Picher is a ghost town and former city in Ottawa County, Oklahoma, United States. It was formerly a center of lead and zinc mining. Discoveries of ground contamination and the possibility of a cave-in of mines under the city have prompted its population to evacuate, and the nearby town of Cardin is following suit. As a result, Picher's population plummeted from 1,640 at the 2000 census to 20 at the 2010 census. The city is within the boundaries of the Tar Creek Superfund site.
In 1913, as the Tri-State district expanded, lead and zinc ore was discovered on Harry Crawfish's claim and mining began. A townsite developed overnight around the new workings and was named Picher in honor of O. S. Picher, owner of Picher Lead Company. Incorporated in 1918, by 1920 Picher had a population of 9,726. Peak population occurred at 14,252 in 1926 followed by a gradual decline paralleling a decrease in mining activity, to 2,553 by 1960.

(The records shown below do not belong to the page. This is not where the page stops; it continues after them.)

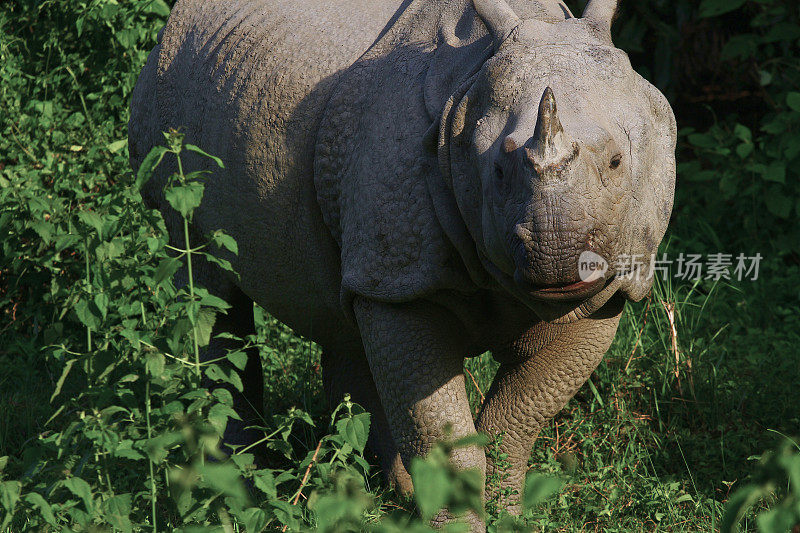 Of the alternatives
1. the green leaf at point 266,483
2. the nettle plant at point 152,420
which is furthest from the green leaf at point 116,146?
the green leaf at point 266,483

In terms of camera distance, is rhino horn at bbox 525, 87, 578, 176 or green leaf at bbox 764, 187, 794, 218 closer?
rhino horn at bbox 525, 87, 578, 176

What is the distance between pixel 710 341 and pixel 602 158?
8.84 ft

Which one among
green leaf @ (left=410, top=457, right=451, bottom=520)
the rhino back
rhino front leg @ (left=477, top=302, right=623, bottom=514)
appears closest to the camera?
green leaf @ (left=410, top=457, right=451, bottom=520)

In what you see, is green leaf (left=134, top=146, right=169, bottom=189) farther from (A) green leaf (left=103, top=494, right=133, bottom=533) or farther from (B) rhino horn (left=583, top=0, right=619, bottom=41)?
(B) rhino horn (left=583, top=0, right=619, bottom=41)

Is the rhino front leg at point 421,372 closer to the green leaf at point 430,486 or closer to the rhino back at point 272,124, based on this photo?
the rhino back at point 272,124

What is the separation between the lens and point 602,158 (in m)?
2.64

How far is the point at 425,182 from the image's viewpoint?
3178 millimetres

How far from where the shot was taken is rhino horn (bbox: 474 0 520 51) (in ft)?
9.92

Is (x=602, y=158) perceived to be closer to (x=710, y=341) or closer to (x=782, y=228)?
(x=710, y=341)

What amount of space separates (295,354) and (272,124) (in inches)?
72.9

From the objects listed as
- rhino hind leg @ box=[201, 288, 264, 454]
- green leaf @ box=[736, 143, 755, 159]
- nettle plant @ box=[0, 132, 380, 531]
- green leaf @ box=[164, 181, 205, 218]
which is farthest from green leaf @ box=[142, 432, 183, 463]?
green leaf @ box=[736, 143, 755, 159]

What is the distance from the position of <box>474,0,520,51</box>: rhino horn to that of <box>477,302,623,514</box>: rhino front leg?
3.09 ft

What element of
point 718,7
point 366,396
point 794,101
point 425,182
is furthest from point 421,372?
point 718,7

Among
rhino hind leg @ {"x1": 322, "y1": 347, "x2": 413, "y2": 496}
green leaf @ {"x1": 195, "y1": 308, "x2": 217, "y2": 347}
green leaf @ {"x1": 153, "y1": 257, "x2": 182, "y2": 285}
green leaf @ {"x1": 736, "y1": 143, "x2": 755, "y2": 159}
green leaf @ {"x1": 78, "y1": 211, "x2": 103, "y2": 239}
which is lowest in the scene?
rhino hind leg @ {"x1": 322, "y1": 347, "x2": 413, "y2": 496} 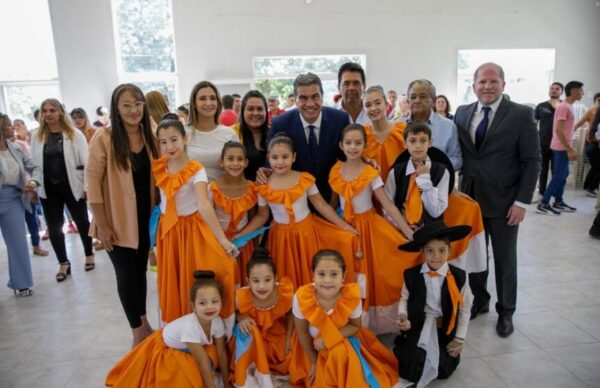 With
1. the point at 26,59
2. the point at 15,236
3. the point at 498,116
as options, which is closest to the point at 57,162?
the point at 15,236

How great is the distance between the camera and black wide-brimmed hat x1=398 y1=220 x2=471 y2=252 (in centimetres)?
231

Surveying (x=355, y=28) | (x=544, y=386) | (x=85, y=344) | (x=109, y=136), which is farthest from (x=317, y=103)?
(x=355, y=28)

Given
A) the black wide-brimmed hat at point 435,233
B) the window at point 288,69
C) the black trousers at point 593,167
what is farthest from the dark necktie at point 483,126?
the window at point 288,69

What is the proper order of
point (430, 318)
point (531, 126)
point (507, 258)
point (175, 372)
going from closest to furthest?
point (175, 372)
point (430, 318)
point (531, 126)
point (507, 258)

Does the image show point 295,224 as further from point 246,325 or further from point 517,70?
point 517,70

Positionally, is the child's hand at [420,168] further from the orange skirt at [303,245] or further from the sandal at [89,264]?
the sandal at [89,264]

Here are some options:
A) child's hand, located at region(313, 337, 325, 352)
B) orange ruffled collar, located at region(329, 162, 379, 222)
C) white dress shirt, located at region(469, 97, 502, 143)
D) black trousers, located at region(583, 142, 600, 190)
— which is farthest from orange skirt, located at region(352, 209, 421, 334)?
black trousers, located at region(583, 142, 600, 190)

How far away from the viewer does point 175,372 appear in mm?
2256

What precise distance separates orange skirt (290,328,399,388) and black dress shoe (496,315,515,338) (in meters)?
0.93

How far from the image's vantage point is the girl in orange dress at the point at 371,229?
261cm

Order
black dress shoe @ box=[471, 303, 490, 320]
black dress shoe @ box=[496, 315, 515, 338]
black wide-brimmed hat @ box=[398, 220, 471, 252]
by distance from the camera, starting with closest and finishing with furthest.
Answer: black wide-brimmed hat @ box=[398, 220, 471, 252], black dress shoe @ box=[496, 315, 515, 338], black dress shoe @ box=[471, 303, 490, 320]

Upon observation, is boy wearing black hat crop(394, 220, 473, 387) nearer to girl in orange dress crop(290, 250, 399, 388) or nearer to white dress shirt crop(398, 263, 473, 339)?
white dress shirt crop(398, 263, 473, 339)

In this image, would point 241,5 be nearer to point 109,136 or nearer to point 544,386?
point 109,136

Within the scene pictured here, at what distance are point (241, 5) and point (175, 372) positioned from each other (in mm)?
10320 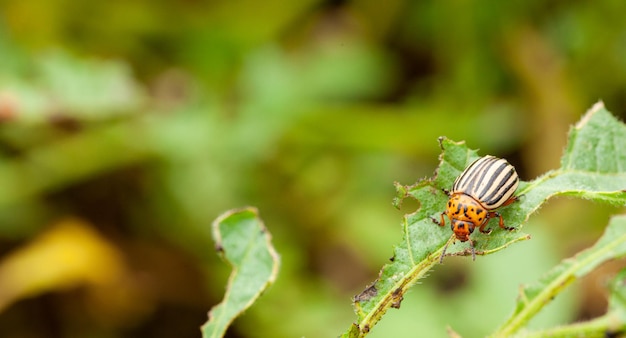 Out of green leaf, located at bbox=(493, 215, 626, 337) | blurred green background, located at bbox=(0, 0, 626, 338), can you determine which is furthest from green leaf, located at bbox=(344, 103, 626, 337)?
blurred green background, located at bbox=(0, 0, 626, 338)

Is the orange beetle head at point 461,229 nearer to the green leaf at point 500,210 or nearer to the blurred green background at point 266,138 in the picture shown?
the green leaf at point 500,210

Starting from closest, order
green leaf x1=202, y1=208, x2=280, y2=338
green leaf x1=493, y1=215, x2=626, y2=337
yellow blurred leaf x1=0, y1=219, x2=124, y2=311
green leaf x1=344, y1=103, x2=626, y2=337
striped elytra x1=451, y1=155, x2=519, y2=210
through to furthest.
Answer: green leaf x1=493, y1=215, x2=626, y2=337 < green leaf x1=344, y1=103, x2=626, y2=337 < green leaf x1=202, y1=208, x2=280, y2=338 < striped elytra x1=451, y1=155, x2=519, y2=210 < yellow blurred leaf x1=0, y1=219, x2=124, y2=311

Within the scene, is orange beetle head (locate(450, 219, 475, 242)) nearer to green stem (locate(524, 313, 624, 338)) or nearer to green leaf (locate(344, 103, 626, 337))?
green leaf (locate(344, 103, 626, 337))

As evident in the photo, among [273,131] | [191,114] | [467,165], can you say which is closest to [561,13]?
[273,131]

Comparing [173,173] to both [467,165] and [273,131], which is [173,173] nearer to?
[273,131]

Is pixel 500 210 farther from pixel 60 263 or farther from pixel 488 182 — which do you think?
pixel 60 263

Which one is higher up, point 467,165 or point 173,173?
point 173,173

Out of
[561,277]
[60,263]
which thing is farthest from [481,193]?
[60,263]

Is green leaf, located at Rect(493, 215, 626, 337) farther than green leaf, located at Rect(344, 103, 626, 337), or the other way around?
green leaf, located at Rect(344, 103, 626, 337) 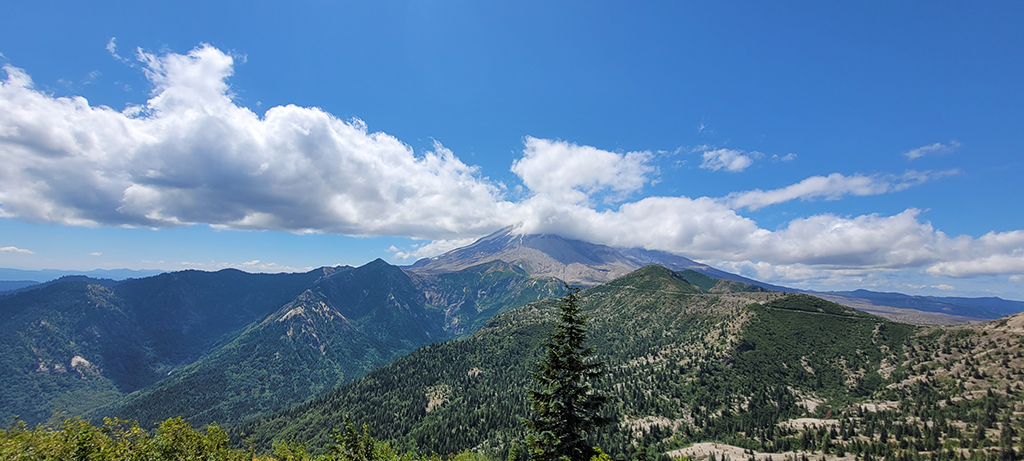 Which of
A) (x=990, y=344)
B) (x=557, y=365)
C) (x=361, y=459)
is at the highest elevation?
(x=557, y=365)

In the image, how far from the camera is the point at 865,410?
164 m

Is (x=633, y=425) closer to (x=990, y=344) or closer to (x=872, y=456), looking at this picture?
(x=872, y=456)

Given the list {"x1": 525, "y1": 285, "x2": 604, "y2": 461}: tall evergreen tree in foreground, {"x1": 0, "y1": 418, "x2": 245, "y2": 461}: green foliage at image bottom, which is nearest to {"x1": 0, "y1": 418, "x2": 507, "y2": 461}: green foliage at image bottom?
{"x1": 0, "y1": 418, "x2": 245, "y2": 461}: green foliage at image bottom

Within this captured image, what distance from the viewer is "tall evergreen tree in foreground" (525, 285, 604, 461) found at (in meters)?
25.2

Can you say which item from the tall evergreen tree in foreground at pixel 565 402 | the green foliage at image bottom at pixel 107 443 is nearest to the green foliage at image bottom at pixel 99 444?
the green foliage at image bottom at pixel 107 443

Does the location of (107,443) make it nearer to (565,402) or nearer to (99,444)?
(99,444)

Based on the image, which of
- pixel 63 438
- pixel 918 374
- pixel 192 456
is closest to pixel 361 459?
pixel 192 456

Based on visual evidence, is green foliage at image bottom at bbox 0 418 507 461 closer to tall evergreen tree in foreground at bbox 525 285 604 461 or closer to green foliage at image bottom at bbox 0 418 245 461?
green foliage at image bottom at bbox 0 418 245 461

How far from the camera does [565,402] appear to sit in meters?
25.5

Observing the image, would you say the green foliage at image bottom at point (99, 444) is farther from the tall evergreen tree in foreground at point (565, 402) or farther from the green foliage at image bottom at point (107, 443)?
the tall evergreen tree in foreground at point (565, 402)

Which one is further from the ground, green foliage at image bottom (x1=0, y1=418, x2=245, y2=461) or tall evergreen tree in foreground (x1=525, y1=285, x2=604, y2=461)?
tall evergreen tree in foreground (x1=525, y1=285, x2=604, y2=461)

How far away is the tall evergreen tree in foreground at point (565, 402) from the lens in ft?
82.8

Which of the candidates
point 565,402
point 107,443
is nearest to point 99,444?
point 107,443

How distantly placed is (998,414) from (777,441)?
236 ft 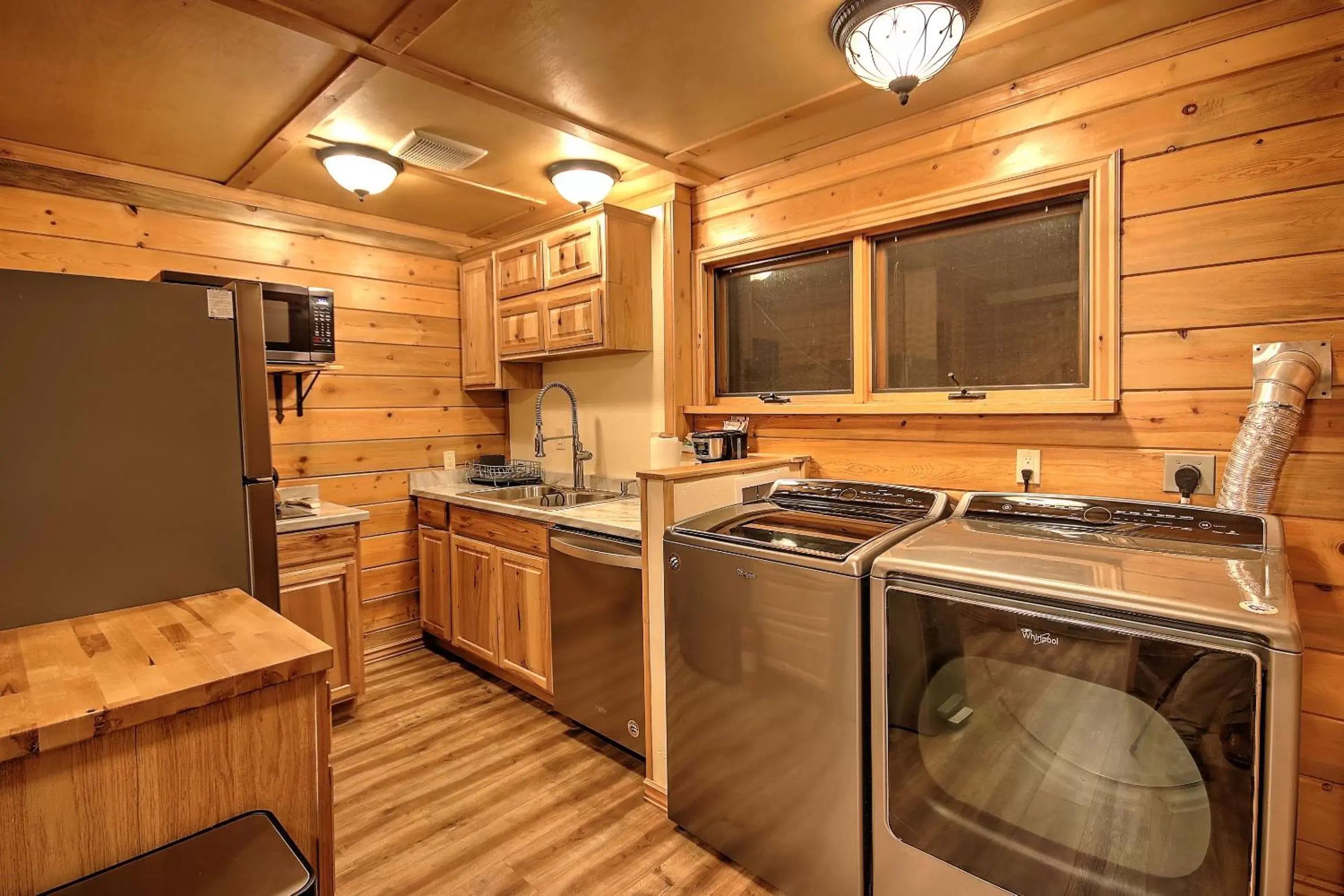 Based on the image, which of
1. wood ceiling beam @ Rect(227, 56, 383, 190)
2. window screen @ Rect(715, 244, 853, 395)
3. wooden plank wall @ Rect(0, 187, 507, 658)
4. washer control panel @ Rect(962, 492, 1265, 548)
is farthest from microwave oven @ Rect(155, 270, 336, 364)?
washer control panel @ Rect(962, 492, 1265, 548)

The Picher area became the most productive lead-zinc mining field in the Tri-State district producing over $20 billion worth of ore between 1917 and 1947. More than fifty percent of the lead and zinc metal used during World War I were produced by the Picher district. At its peak over 14,000 miners worked the mines and another 4,000 worked in mining services. Many of these workers commuted by an extensive trolley system from as far away as Joplin and Carthage, Missouri. Mining ceased in 1967 and water pumping from the mines ceased. The contaminated water from some 14,000 abandoned mine shafts, 70 million tons of mine tailings, and 36 million tons of mill sand and sludge remained as a huge environmental cleanup problem. The area became part of the Tar Creek Superfund site.